*DATA*.
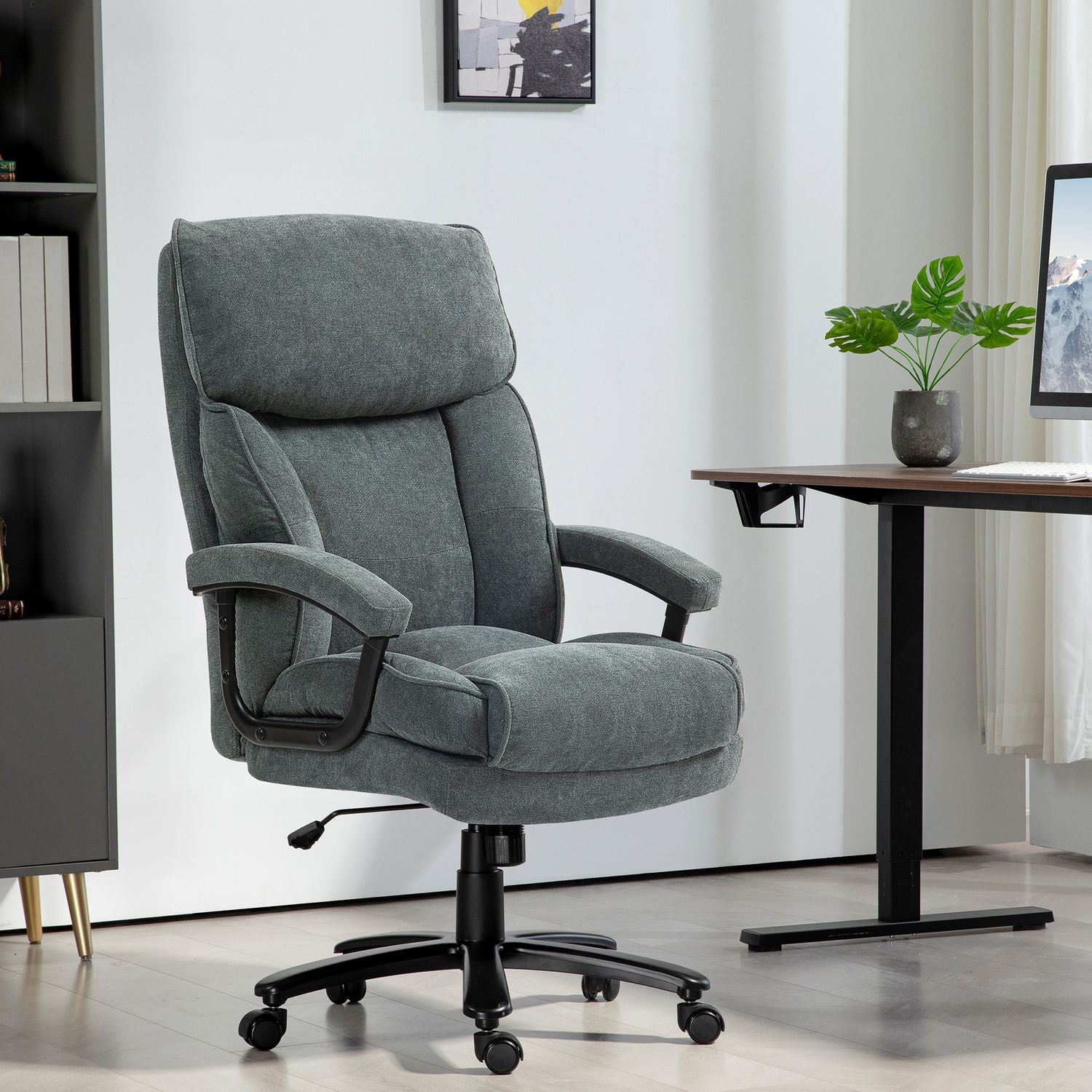 Ergonomisk grå kontorsstol, linnelook, höjdjusterbar
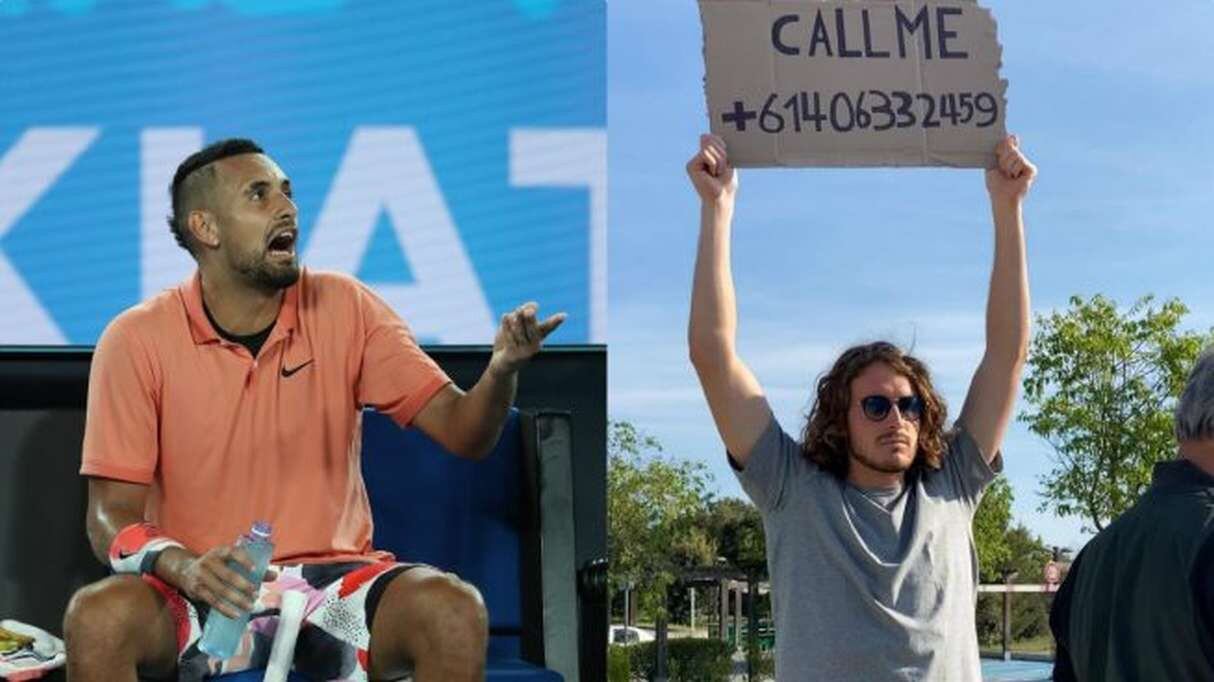 La broma de Stefanos Tsitsipas que sorprendió a Nick Kyrgios. (Foto: Instagram)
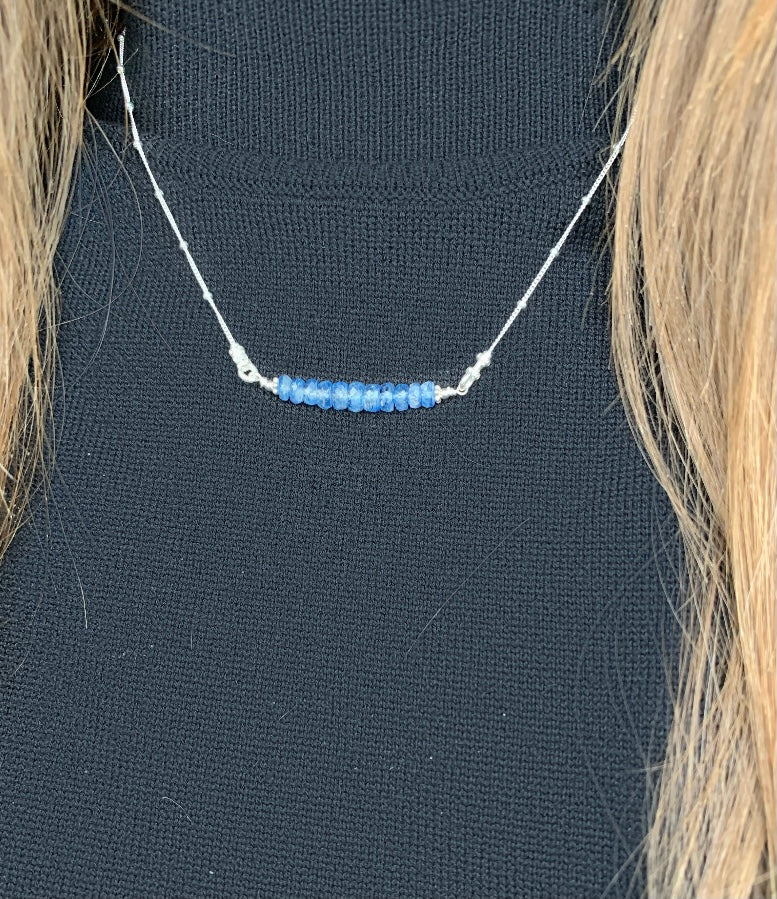 I Miss Bars Silver Kyanite Necklace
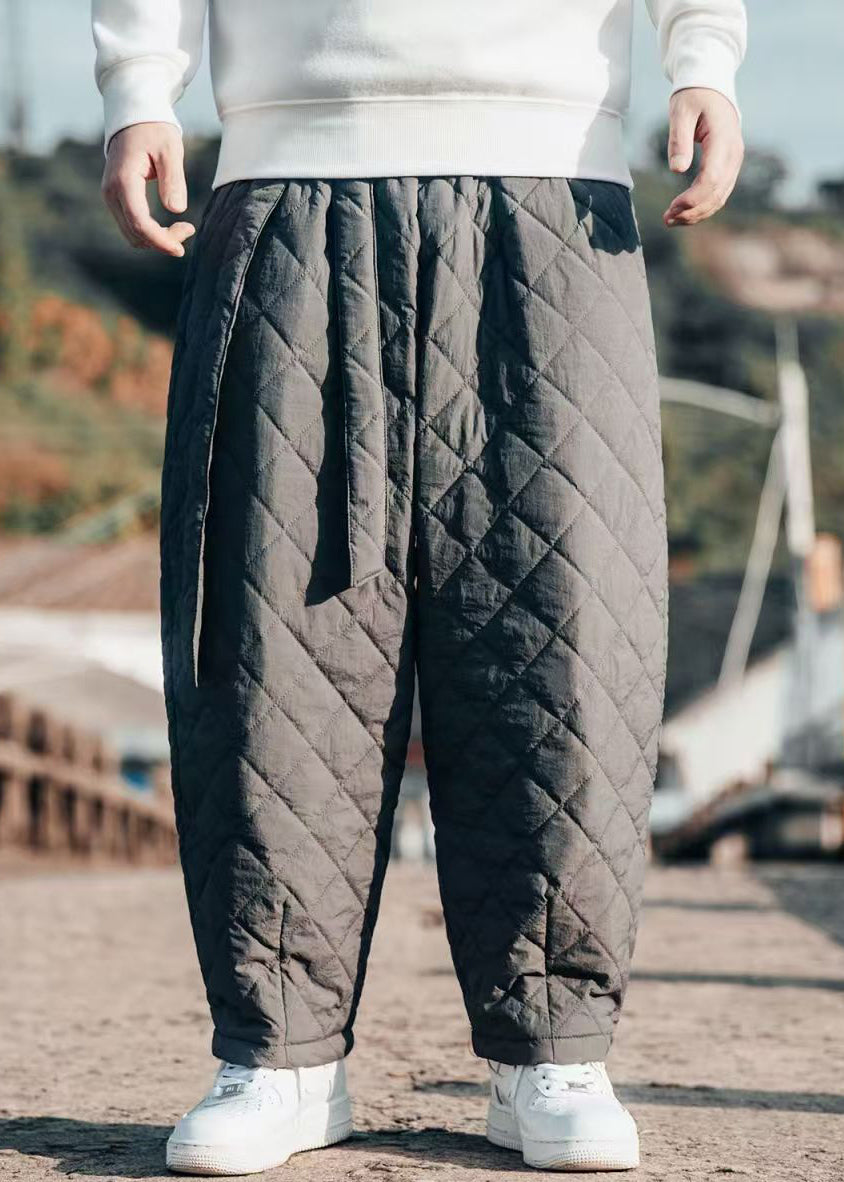 Simple Grey Lace Up Elastic Waist Cotton Filled Crop Pants Winter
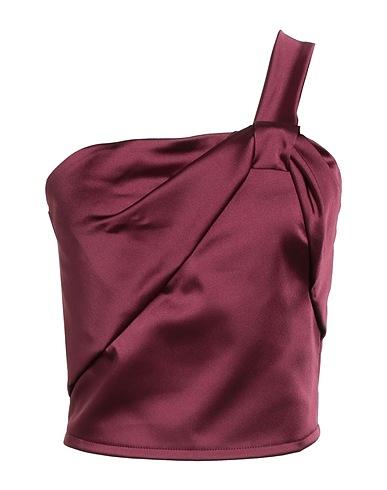 RINASCIMENTO One-shoulder top Plum 97% Polyester, 3% Elastane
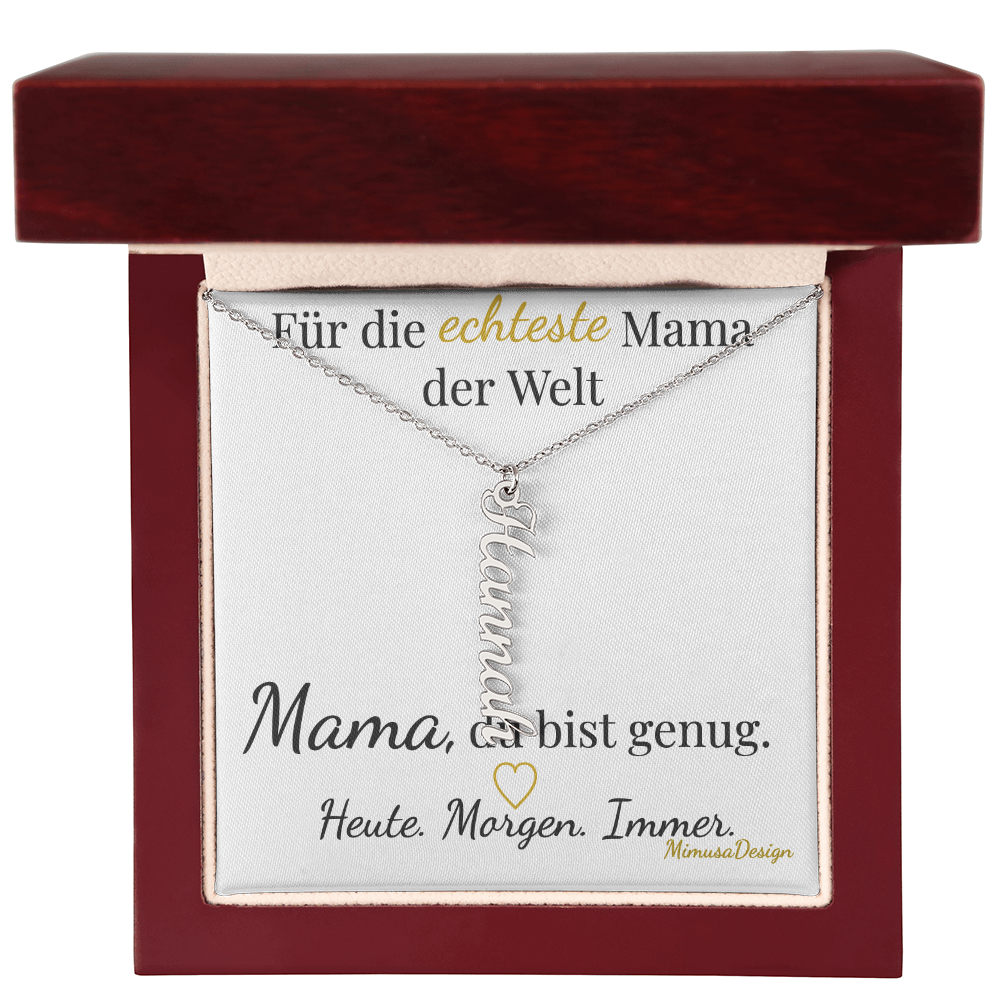 Personalisierte Mama Kette mit Namensanhängern | Geschenk für Mütter mit mehreren Kindern | „Die echteste Mama der Welt“ – emotionale Muttertagskette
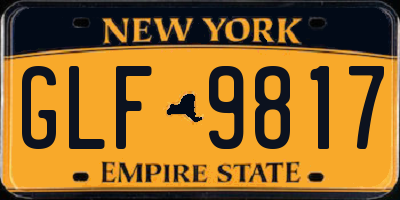 NY license plate GLF9817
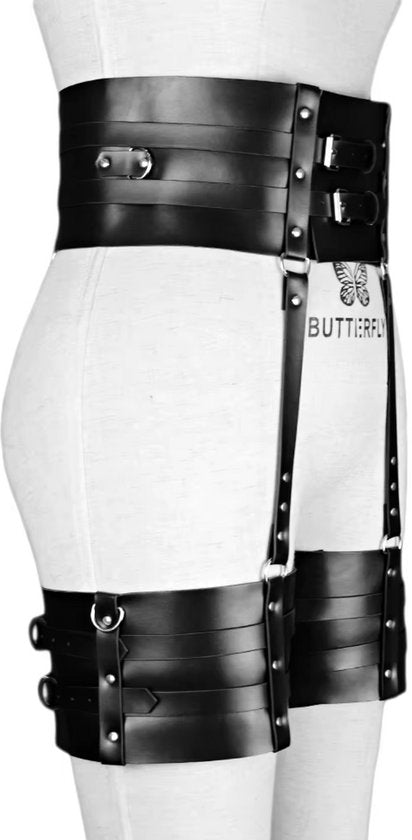 Sexy Zwart Harnas - Verstelbaar Tuigje met Brede Riemen voor Middel en Benen - Kunstleer Bondage Lingerie - Erotisch Sex Speeltje voor Mannen en Vrouwen - Sex Toys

*EXERCISE PROMPT*. Take the line that holds "RINASCIMENTO One-shoulder top" as the start and the last line of the data as the end. Copy only those lines exactly, both ends included, except the pictures.

*EXPECTED OUTPUT*.
 RINASCIMENTO One-shoulder top Plum 97% Polyester, 3% Elastane
 Personalisierte Mama Kette mit Namensanhängern | Geschenk für Mütter mit mehreren Kindern | „Die echteste Mama der Welt“ – emotionale Muttertagskette
 NY license plate GLF9817
 Sexy Zwart Harnas - Verstelbaar Tuigje met Brede Riemen voor Middel en Benen - Kunstleer Bondage Lingerie - Erotisch Sex Speeltje voor Mannen en Vrouwen - Sex Toys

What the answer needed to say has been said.